A Shoe Drops: Adidas Going All Digital

Last week, Adidas made some news when it disclosed it’s changing its focus to advertising away from television and toward digital. The reason is easy enough to guess: Digital, and specifically mobile, is where the young people are going and those are the feet Adidas wants to attract.

It seems, at least to some extent, everybody is doing something like that, despite the fact that hundreds of millions of people still watch televisions more than they watch their smartphones.

Cognitively it must not seem like it.

Smartphone users seems to pay attention to the video they see digitally. TV always has had that passive thing going for it, which seemed like a good way to receive a sales pitch. Digital offers more ways to make those pitches seem interesting, probably, I think, because they’re shorter.

Also, it’s been well-established that even when you’re watching TV, when the ads come by, you’re busy on your cell phone.

None of this is 100% accurate, though digital’s overwhelming desirability is often stated without any shades of doubt.  “It's clear the younger consumer engages with us predominantly over the mobile device. Digital engagement is key for us — you don't see any TV advertising any more," Adidas CEO Kasper Rorsted told CNBC.

Business Insider points out this Adidas abandonment of television advertising didn’t come out of the blue. In an earlier letter to shareholders, Rorsted wrote: "A strategic topic that will transform our company over the next years is digital.
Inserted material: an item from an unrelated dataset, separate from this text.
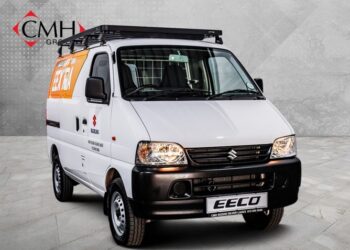 2025 Suzuki Eeco 1.2 Panel Van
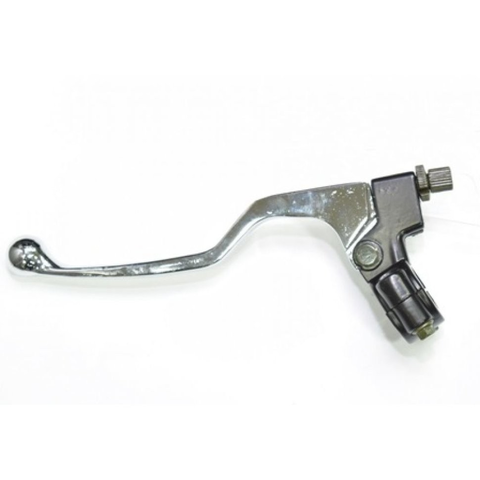 Рычаг сцепления питбайк в сборе  SM-PARTS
Digital touches our company at every point along the value stream ... Growing our digital capabilities will ultimately also help us do a better job on margin enhancement."

So much of a what an athletic shoe does to promote itself is not contained in a commercial. It’s presented by athletes on places like Whistle Sports, where Adidas has had a major presence for years.

Way back--three years ago--a research company tabulated that during the World Cup Adidas grabbed more than 1.5 million mentions on social media, including Twitter, Tumblr, Facebook and news sites. Most of them happened with the Adidas hashtag, #allin.

And that was back in 2014, when digital, social and smartphone culture was less mature than that calendar date would indicate.

The trend continues, and it seems to me, every time a young person sees those stupid Fox Sports graphics featuring metal-clad robo-athletes, it loses another fan. Sports may be richer and more popular than ever, but there is evidence “the TV experience” turns off millennials.

The Web site Campaign cites the words of James Kirkham of sports media channel Copa 90, who says: "Sports marketing in 2017-2018 is an exciting mess. An elegant chaos.”

He uses Snapchat as an example. “It is raw and real and absolutely of the moment, so the perfect contrast to overly stage managed or manicured content as previously existed.”  

That kind of aesthetic is served best digitally: Portable, short, unglitzy, just-the-action. That seems to be where Adidas is going. It’s not TV even if most of it is on TV.